Hacker News new | ask | show | jobs
by pb1729 63 days ago
Yeah, this is a good point. IIRC, I wasn't able to get the network to train very well at all with standard SGD. I don't think I thought to try Adam with β1 = 0, I will try it (& recompute brackets) if I get some time.

If we have built up a momentum M, then the two orderings are:

M' = M + εv1

θ' = θ + M' = θ + M + εv1

M'' = M' + εv2(θ') = M + εv1 + ε(v2 + (M + εv1)⋅∇v2)

M' = M + εv2

θ' = θ + M' = θ + M + εv2

M'' = M' + εv1(θ') = M + εv2 + ε(v1 + (M + εv2)⋅∇v1)

Then the resulting difference in momenta M'' is:

ε^2*[v1, v2] + ε(M⋅∇)(v2 - v1)

So there is an extra term which is not actually a Lie bracket itself. I think the bracket can still be informative on its own, but it's definitely no longer the sole component of what happens when order is swapped.
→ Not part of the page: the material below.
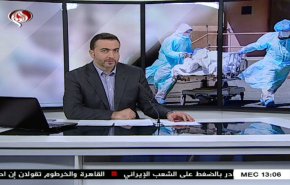  نشرة الاخبار من قناة العالم الساعة 10:00 بتوقيت غرينتش 27-06-2020 
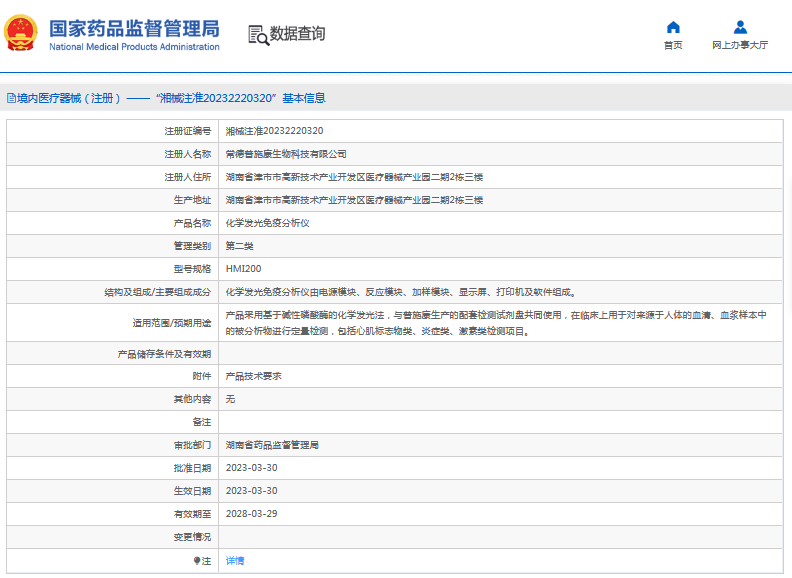 HMI200化學發光免疫分析儀1.png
One other inconsistency that is a little less bad is BatchNorm. Since it needs a whole batch to work, and we're just comparing individual examples, I computed the Lie brackets with the BatchNorm layers in eval mode, not train mode.

I don't know if there is any relevance of this to Muon, even if so, it would likely be very messy to compute.

1 comments

Well, the "vector field defined by the update attributable to this training sample" is a well-defined thing (even if it's not just the gradient of loss with respect to parameters), so that part translates.

However, what's harder to interpret is how this field transports with respect to θ, since the momentum vector and θ are themselves inextricably linked. If you somehow arrived at a different θ, then you'd have a different momentum. (On the gripping hand, the bracket is a construct of infinitesimals, maybe that doesn't matter.)